Menteri Koordinator Bidang Perekonomian Airlangga Hartarto ditemui di Kompleks Istana Kepresidenan, Jakarta, Kamis (5/2/2026). (Foto: Antara/Fathur Rochman)
Berita Terkini, Eksklusif di WhatsApp Inilah.com
Menko Perekonomian Airlangga Hartarto menyebut, sektor logistik hingga pariwisata nasional, bakal anjlok karena terdampak konflik Amerika Serikat (AS)-Israel yang mengeroyok Iran.

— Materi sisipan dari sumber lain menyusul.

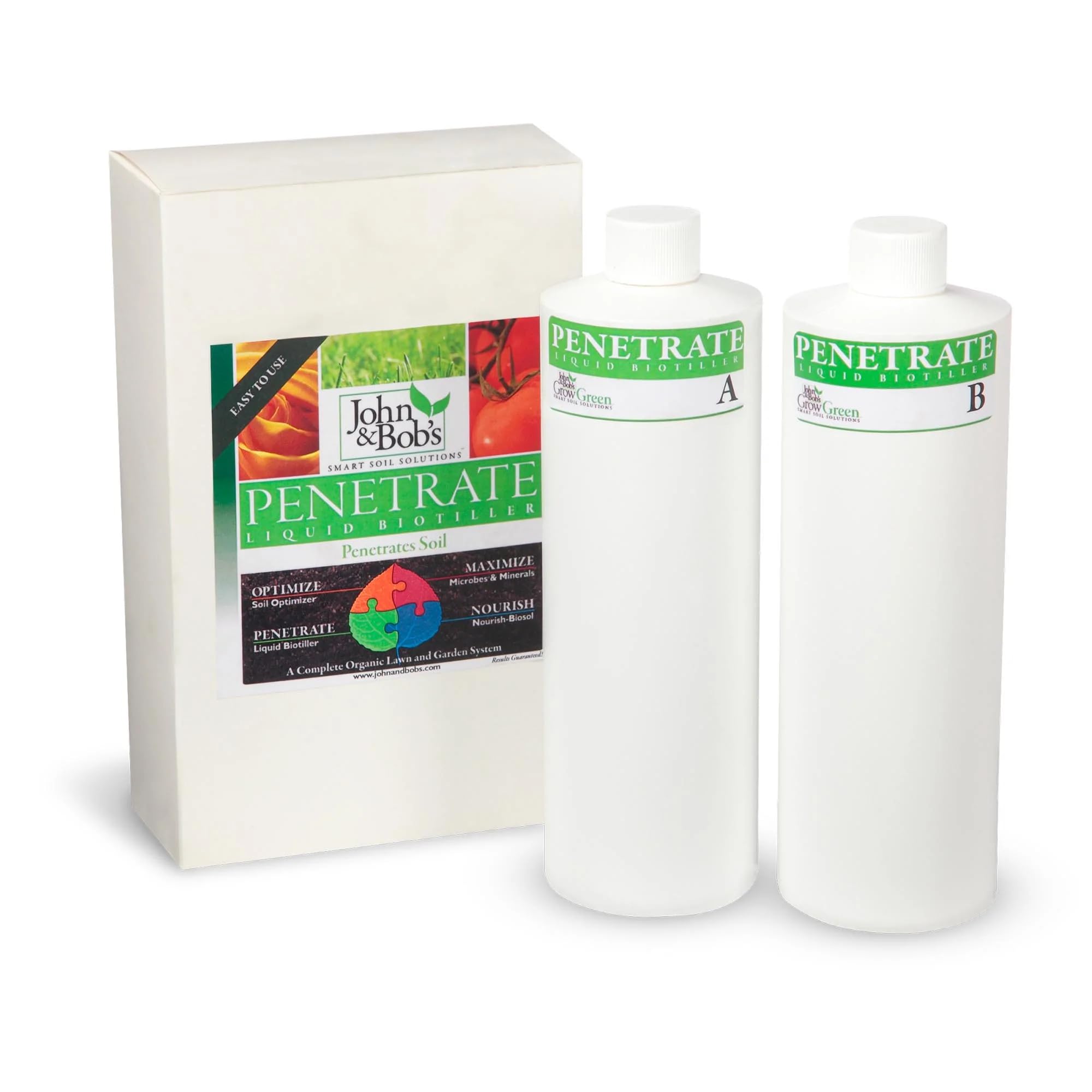 John&Bob’s Penetrate Liquid Biotiller | Organic Clay Soil Treatment, Break up Hard & Clay Soil, Pet Safe, 8oz. (1,000 sq. ft.)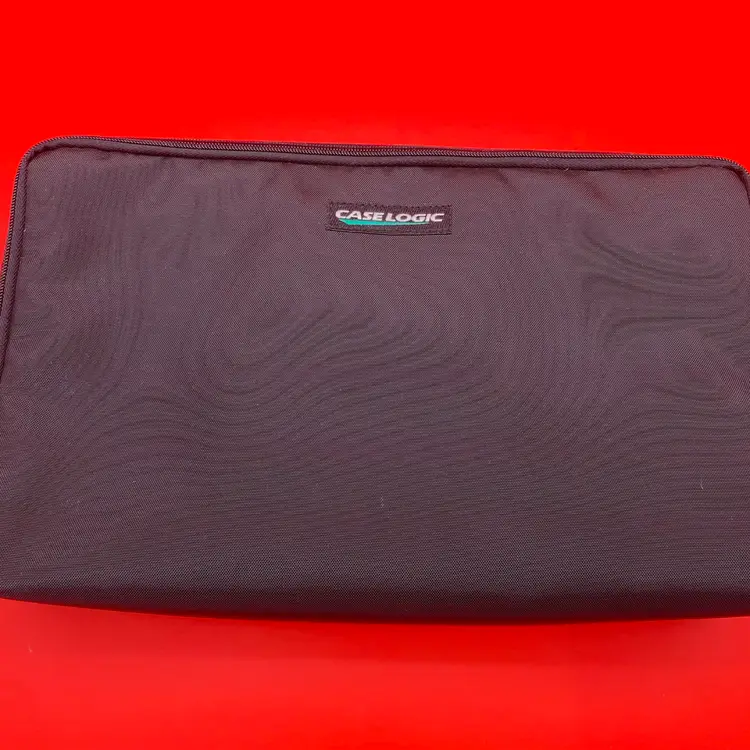 Case Logic Black Padded Cassette Carrying Case - 30 Cassette Capacity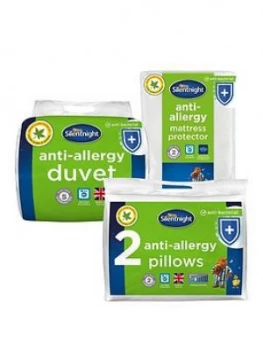 Image of Silentnight Anti-Allergy Single Bedding Bundle
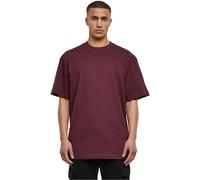 Urban Classics Men's Tall Tee Oversized Short Sleeves T-Shirt with Dropped Shoulders, 100% Jersey Cotton, Redwine, XL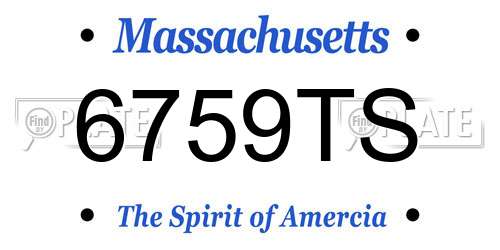 6759TS Massachusetts License Plate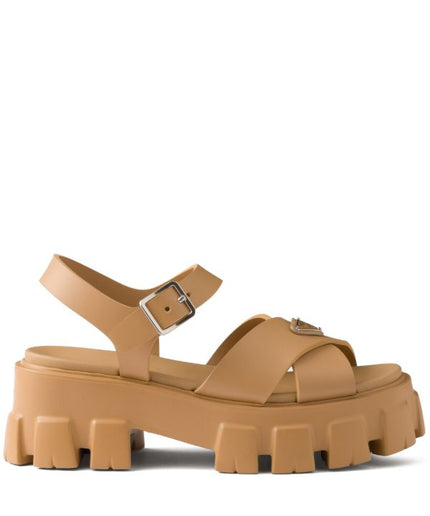 Prada
enamel triangle-logo sandals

“Ya pertama yang terganggu kan pasti supply minyak, yang kedua transportasi logistik, dan yang ketiga tentunya kita melihat tourism akan sangat terganggu,” ujar Menko Airlangga di Kemenko Perekonomian, Jakarta, Senin (2/3/2026).
Dia menjelaskan, kondisi tersebut berdampak pula terhadap sektor ekspor-impor Indonesia. Namun demikian, dampak terhadap ekspor tergantung kepada lamanya konflik. “Ya, kalau negara tergantung juga berapa lama. Balik lagi kita monitor aja bahwa perang ini lama atau perang 12 hari atau perang berapa jauh,” ucap dia.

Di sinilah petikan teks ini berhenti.